Private finance can help bridge an estimated US$2 trillion per annum financing gap

Having identified the annual investment need to be around 5 percent of global GDP, or US$3 trillion (which is significantly above historical levels of spending in many countries), the expectation is that governments will not be able to fund all infrastructure from the public purse without a fundamental shift in budget priorities and/or an increase in taxation. So there is a gap between funds available and funds needed-what we refer to as the financing gap. As it seems unlikely that governments are going to be able to, or indeed want to, fund their investment need in infrastructure alone, the question is: What role can private finance play?

Private finance is not new to infrastructure investment; it has a long history of contributing to help bridge this financing gap. The World Bank's Public Private Infrastructure Advisory Facility estimates that private participation in infrastructure in low- and middle-income countries has averaged 1 percent of national GDP since 2003.7 Figure 4 illustrates trends in private infrastructure investment in developing countries from 1990 to 2008.

In many developed economies, private finance has been making an increasingly significant contribution to infrastructure development, in particular social infrastructure, through public-private partnership (PPP)-type transactions.

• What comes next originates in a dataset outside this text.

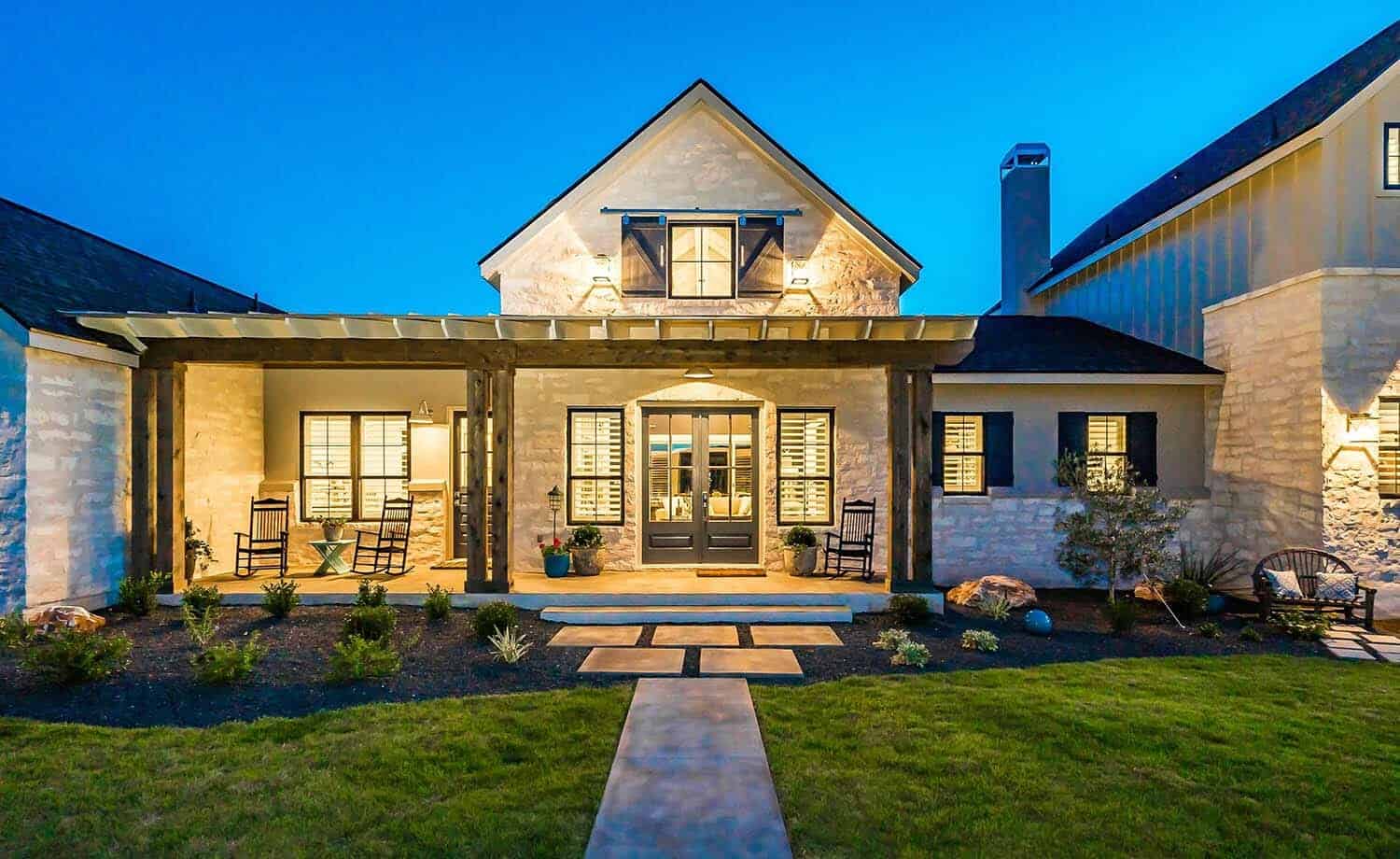 farmhouse-style-home-exterior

For example, in the United Kingdom- which has one of the most highly developed PPP pro-grams-the government estimates that over UK£100 billion in private-sector investment has been made in infrastructure in the last 10 years.8 To put this into context, private-sector investment in social infrastructure PPPs represents 10 to 15 percent of the United Kingdom's total investment in public services in 2005 - 06. 9

Figure 3: Budget allocations for infrastructure projects, 2009-10

Source: IMF, 2009.

Figure 4: Investment commitments to infrastructure projects with private participation in developing countries, by investment type (1990-2008)

Source: World Bank, 2008, slide 7.

Figure 5: Gap between need and private investment in infrastructure

Overall, an estimate made by Ernst & Young in 2007 suggested that global private investment in infrastructure was around US$1 trillion.10

If it is estimated that investment need is around US$3 trillion per annum globally, and private investment in infrastructure is around US$1 trillion, then the financing gap is in the region of US$2 trillion per annum if private investment remains constant. This is illustrated in Figure 5.

By providing a factual description of the private finance markets (for more information, see Appendix A), this Report seeks to provide some context to the debate about what the future may hold for infrastructure finance in filling this financing gap. Through a dialogue with a number of parties closely involved with infrastructure (such as procurers, enablers, and providers of private finance), we also articulate some of the challenges and opportunities to maximize the role of private finance in the future.